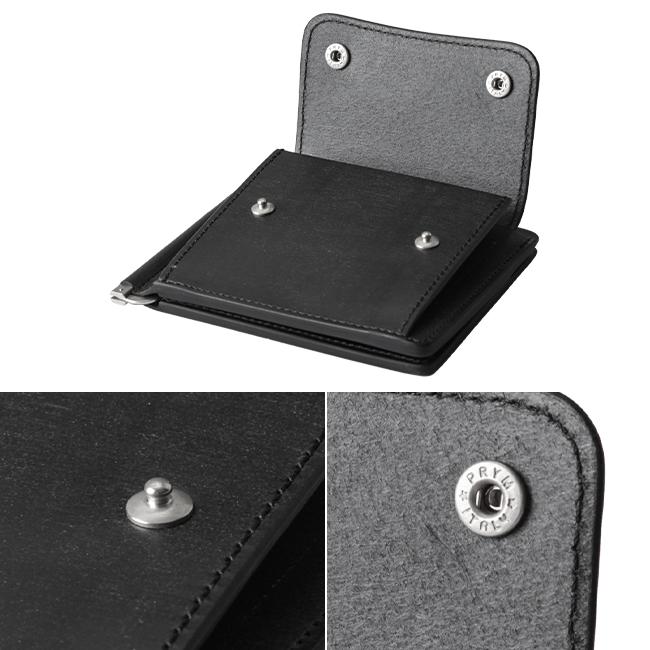 最大50% 4/25限定 SLOW スロウ 財布 二つ折り財布 薄い財布 薄型 小銭入れ付き 本革 レザー ブライドルレザー マネークリップ メンズ bridle so794j | SLOW(ファッション) | 17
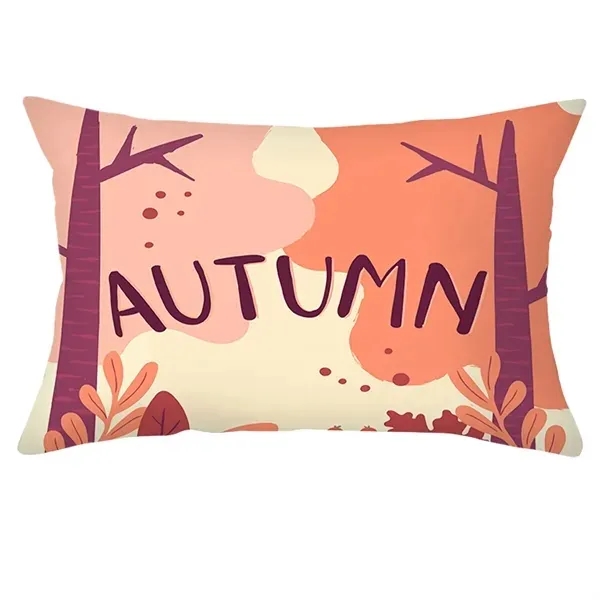 Standard Pillowcase - 19.6" x 11.8" Soft & Comfortable Cover 1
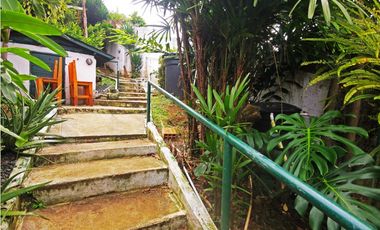 CASA CAMPESTRE EN VENTA, MIRAVALLE, DAPA, YUMBO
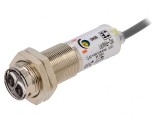 Senzor fotoelectric 0-3m NPN DARK-ON LIGHT-ON 100mA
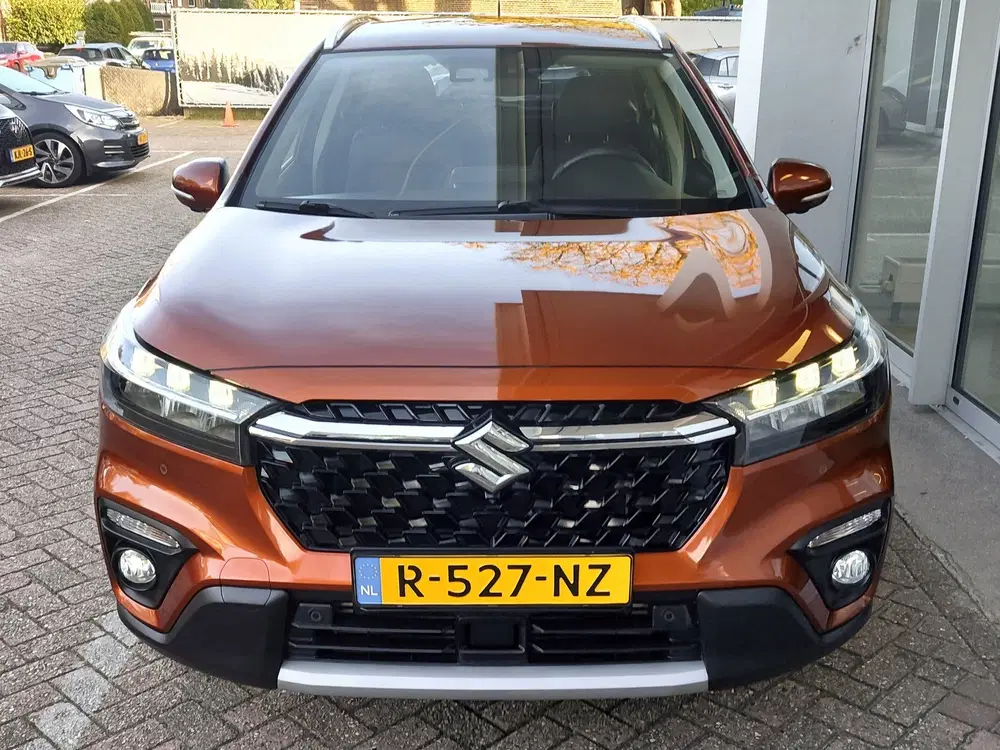 Suzuki S-Cross 1.4 BOOSTERJET STYLE SMART HYBRID AUT. 360 uit 2022, foto 8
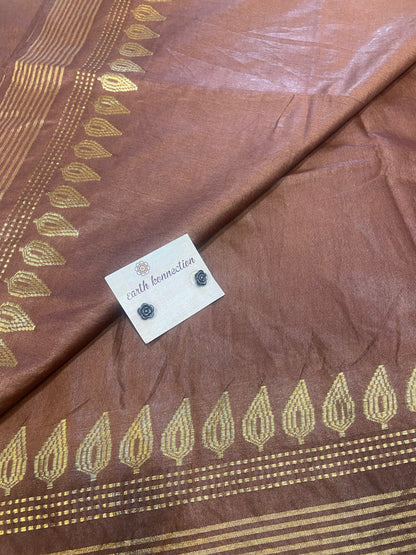 Pure Cotton Silk Saree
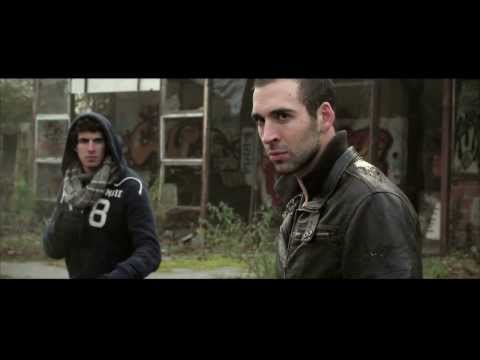 Teleportation VFX test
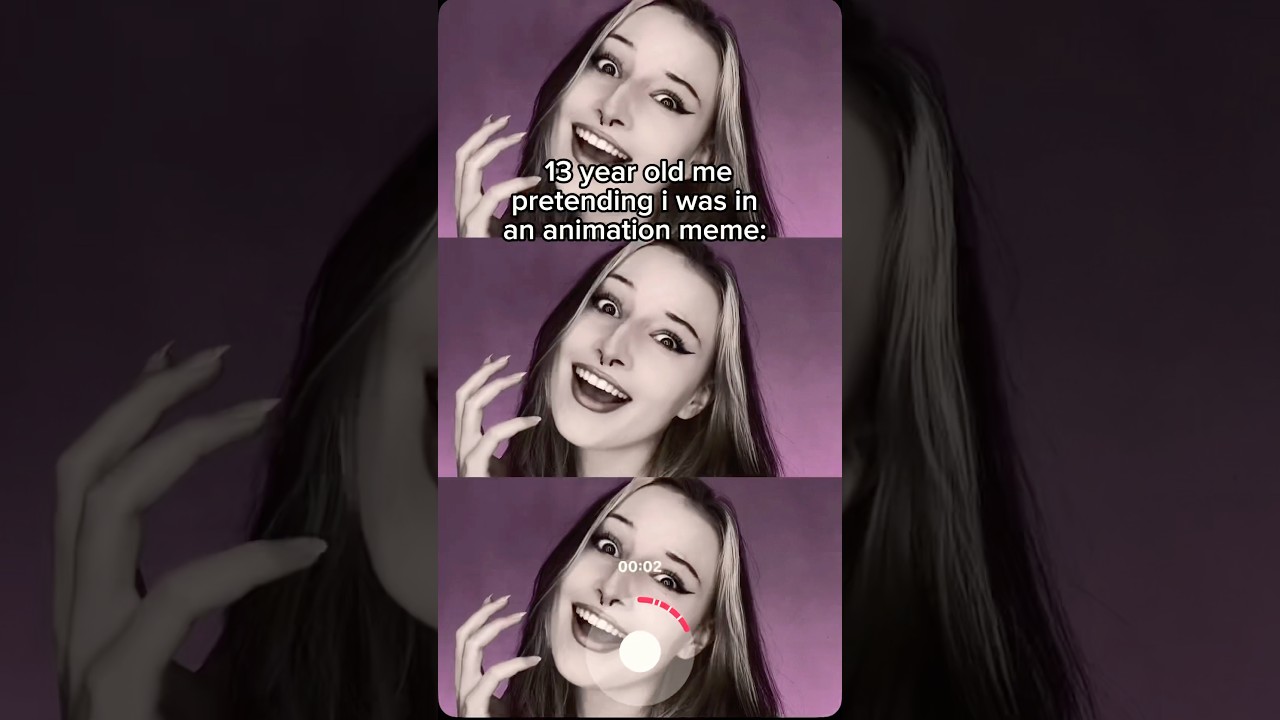 i still do this 😭 #satire #animationmeme #anime #floptok #relatable #2018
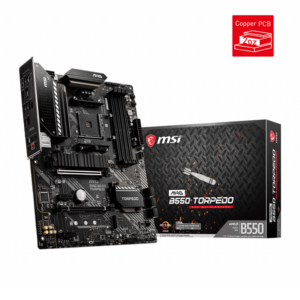 MSI MAG B550 TORPEDO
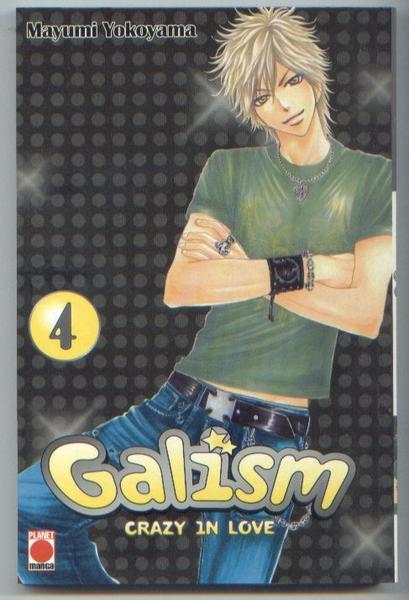 Galism - Crazy in love 4:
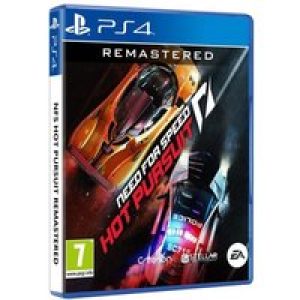 Nfs Hot Pursuit Remastered – PlayStation 4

#### Work required
Please return exactly, and only, the lines from the one containing "Teleportation VFX test" through the end of the records, with both end lines kept and every picture dropped.

#### Answer to this task
 Teleportation VFX test
 i still do this 😭 #satire #animationmeme #anime #floptok #relatable #2018
 MSI MAG B550 TORPEDO
 Galism - Crazy in love 4:
 Nfs Hot Pursuit Remastered – PlayStation 4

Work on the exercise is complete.